26 Ala. 498 | Ala. | 1855

CHILTON, C. J.

—There is some difficulty in the main point involved in this case, namely, whether a public municipal corporation can bo garnisheed for a debt due, or to fall due, to one of its police officers as his salary. This question is for the first time presented to this court. True, the point was alluded to, in respect of corporations aggregate, in The Bank v. Poe. 1 Ala. 396, and The Bank v. Leavens, 4 ib. 753; but in neither case was it decided. In the first, however, it was determined, that the answer of the cashier of the Bank to a summons of garnishment, was not sufficient to authorize a judgment against the corporation — that such an answer must be made under the common seal of the Bank, by the express authority of either the directors or the president, who thus far is the executive officer of the board of directors.

We have examined our own statutes upon the subject, as well as the authorities generally, and Ave have become satisfied that no garnishment will run in the case before us.

The statute, it is true, authorizes any person to be summoned as a garnishee, (Code, § 2516,) and section 1 of the Code declares, that the word “person”, when used in it, includes a corporation as well as a natural person; but this-must be understood only of such provisions as will allow this signification to be given without violating their evident sense and meaning. When by the context it is clear no such meaning was intended, and when by thus construing-the word person it would render the Code, which must be taken as a whole, incongruous, we must depart from the letter, to give effect to the spirit and manifest meaning and intent of the Legislature.

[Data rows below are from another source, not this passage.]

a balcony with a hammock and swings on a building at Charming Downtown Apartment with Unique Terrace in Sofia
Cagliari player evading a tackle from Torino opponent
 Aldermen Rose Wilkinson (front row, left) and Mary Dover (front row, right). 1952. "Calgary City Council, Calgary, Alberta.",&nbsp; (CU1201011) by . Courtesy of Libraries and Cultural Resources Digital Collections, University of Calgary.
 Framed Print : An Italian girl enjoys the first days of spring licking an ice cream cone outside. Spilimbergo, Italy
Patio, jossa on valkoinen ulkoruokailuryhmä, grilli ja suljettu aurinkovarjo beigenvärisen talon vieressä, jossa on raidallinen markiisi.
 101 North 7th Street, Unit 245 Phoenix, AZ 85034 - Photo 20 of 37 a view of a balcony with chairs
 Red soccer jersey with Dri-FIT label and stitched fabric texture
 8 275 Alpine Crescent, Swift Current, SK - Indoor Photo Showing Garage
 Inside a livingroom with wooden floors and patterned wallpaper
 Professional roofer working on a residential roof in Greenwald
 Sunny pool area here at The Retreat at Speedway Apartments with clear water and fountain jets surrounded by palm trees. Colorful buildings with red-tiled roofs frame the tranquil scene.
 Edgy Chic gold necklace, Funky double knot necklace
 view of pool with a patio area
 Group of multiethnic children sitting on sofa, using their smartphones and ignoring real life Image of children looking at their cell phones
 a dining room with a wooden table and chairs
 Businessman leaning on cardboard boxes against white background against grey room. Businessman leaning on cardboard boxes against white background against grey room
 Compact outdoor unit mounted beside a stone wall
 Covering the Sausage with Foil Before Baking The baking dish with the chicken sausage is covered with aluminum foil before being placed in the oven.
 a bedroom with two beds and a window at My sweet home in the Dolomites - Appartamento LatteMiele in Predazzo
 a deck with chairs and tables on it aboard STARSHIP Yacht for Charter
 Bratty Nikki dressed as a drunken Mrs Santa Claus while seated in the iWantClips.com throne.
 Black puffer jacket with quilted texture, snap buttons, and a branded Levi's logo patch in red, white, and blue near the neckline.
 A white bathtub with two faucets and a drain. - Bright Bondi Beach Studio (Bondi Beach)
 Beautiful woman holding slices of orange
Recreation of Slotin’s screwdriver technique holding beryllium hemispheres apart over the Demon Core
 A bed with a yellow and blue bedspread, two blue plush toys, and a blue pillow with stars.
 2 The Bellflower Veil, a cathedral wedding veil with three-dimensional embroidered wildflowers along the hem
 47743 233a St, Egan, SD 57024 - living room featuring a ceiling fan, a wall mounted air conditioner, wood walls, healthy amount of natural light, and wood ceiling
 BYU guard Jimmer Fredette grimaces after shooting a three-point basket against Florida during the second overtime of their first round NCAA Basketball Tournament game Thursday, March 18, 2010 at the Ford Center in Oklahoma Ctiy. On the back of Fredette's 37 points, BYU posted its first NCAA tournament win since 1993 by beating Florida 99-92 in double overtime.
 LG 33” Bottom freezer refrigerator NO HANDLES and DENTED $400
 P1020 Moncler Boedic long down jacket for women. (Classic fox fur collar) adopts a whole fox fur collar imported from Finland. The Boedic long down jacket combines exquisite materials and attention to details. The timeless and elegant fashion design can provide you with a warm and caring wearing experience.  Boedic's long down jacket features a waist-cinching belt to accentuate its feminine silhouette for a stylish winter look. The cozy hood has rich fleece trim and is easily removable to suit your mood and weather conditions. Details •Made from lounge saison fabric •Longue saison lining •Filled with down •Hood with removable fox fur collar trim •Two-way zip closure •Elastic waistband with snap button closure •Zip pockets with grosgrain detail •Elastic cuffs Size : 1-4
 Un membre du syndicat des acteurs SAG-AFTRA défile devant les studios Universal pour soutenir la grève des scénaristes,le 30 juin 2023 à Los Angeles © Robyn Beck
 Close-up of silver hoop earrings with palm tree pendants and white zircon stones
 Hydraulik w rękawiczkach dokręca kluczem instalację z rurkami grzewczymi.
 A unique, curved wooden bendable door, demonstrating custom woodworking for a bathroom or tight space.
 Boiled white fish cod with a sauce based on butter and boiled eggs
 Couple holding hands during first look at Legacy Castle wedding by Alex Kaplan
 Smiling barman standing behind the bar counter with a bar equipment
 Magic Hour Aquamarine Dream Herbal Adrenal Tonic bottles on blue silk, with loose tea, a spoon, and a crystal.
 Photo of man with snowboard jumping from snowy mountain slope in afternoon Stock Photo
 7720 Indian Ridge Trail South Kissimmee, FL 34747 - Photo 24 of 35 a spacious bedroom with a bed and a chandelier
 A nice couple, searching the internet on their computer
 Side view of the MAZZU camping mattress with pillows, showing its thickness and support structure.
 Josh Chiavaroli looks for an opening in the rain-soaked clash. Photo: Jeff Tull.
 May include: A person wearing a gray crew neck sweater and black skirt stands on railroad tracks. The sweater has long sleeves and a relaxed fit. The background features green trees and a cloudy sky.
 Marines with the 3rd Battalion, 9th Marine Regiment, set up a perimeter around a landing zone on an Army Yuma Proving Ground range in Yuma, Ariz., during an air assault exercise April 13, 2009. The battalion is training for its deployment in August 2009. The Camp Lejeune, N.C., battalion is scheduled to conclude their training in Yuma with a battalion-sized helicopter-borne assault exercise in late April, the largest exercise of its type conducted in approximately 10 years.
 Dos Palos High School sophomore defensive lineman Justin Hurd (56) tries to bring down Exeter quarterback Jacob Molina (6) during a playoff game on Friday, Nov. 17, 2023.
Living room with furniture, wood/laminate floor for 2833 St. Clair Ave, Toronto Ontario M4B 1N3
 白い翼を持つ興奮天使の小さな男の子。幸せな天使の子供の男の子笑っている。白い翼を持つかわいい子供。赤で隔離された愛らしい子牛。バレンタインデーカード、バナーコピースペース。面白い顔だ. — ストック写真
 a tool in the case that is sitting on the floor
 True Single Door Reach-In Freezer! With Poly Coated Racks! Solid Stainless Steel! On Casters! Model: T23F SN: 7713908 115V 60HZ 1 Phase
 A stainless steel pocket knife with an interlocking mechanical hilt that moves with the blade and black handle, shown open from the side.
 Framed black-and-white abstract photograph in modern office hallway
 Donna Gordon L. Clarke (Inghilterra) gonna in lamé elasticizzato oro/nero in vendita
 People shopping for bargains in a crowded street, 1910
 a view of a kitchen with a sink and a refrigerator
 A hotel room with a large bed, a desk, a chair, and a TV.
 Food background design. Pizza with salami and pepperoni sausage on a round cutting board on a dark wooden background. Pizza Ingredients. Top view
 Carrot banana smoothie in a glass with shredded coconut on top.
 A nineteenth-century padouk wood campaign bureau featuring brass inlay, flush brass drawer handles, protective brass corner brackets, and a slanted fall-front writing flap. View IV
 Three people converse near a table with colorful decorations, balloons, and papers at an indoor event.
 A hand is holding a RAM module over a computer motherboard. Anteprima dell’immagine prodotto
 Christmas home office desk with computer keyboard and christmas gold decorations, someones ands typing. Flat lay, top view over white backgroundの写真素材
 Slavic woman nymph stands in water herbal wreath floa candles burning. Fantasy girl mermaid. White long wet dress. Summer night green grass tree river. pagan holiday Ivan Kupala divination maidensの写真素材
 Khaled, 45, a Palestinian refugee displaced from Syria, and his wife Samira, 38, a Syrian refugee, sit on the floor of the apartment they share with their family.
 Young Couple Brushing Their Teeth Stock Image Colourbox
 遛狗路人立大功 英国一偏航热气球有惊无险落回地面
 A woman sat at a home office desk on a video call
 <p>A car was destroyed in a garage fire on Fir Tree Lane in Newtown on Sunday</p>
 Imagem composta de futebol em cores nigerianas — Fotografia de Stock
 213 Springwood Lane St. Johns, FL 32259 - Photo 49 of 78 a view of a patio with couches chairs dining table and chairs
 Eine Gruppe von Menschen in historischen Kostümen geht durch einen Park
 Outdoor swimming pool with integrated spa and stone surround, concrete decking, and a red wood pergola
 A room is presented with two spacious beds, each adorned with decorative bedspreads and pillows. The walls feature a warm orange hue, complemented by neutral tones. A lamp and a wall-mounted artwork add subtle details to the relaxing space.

The garnishee must be summoned to appear and answer on oath. — Code, § 2517. He must file his answer, on oath, within the three first days of the term to which the summons is made returnable.—§ 2540. He may be orally examined in the presence of the court.—Ib. So, if the garnishee fail to appear as provided and answer, judgment may be rendered against him, &c.—§ 2545. Those, and similar provisions which might be mentioned, clearly show that the statutes of garnishment cannot be applied to corporations, which, from their impersonal, artificial character, cannot be sworn; and cannot, in the nature of things, personally appear in court.

But there is another ground upon which we may rest our *504opinion. , This is a public municipal corporation : its officers are public servants, and the public is entitled to their service in the discharge of their duties. If they are to be made parties to controversies between debtor and creditor, — if these officers may be summoned to attend any and all of the courts having cognizance of garnishments throughout the State, and are to appear in person at the bar, awaiting such trials, on pain of having judgment by default go against the corporation, the public interest must necessarily suffer. Aside from this, the city corporation, which is a government for the. city, invested with certain attributes of sovereignty delegated to it by its charter, is entitled to fill its offices by a selection of suitable persons from among the whole community. This privilege would exist but in name, if those who depend upon their salaries for a livelihood could be deprived of such salaries by garnishment, and thus cut off from the means of subsistence. The result would be, that only those who were free from debt, or who could subsist without their salaries, could fill such offices, and the public service might suffer for want of persons to accept or hold them.

The principle is the same which obtains in regard to the salaries of the officers of the State, and there are decisions which hold that the salaries of officers of municipal corporations are not within the statutes of garnishment, where those statutes are similar to our own.—Hawthorn v. City of St. Louis, 11 Missouri R. 59; 2 Mass. 37; see, also, Wicks v. Br. Bank of Mobile, 12 Ala. 594-97.

Let the judgment be reversed, and the cause remanded.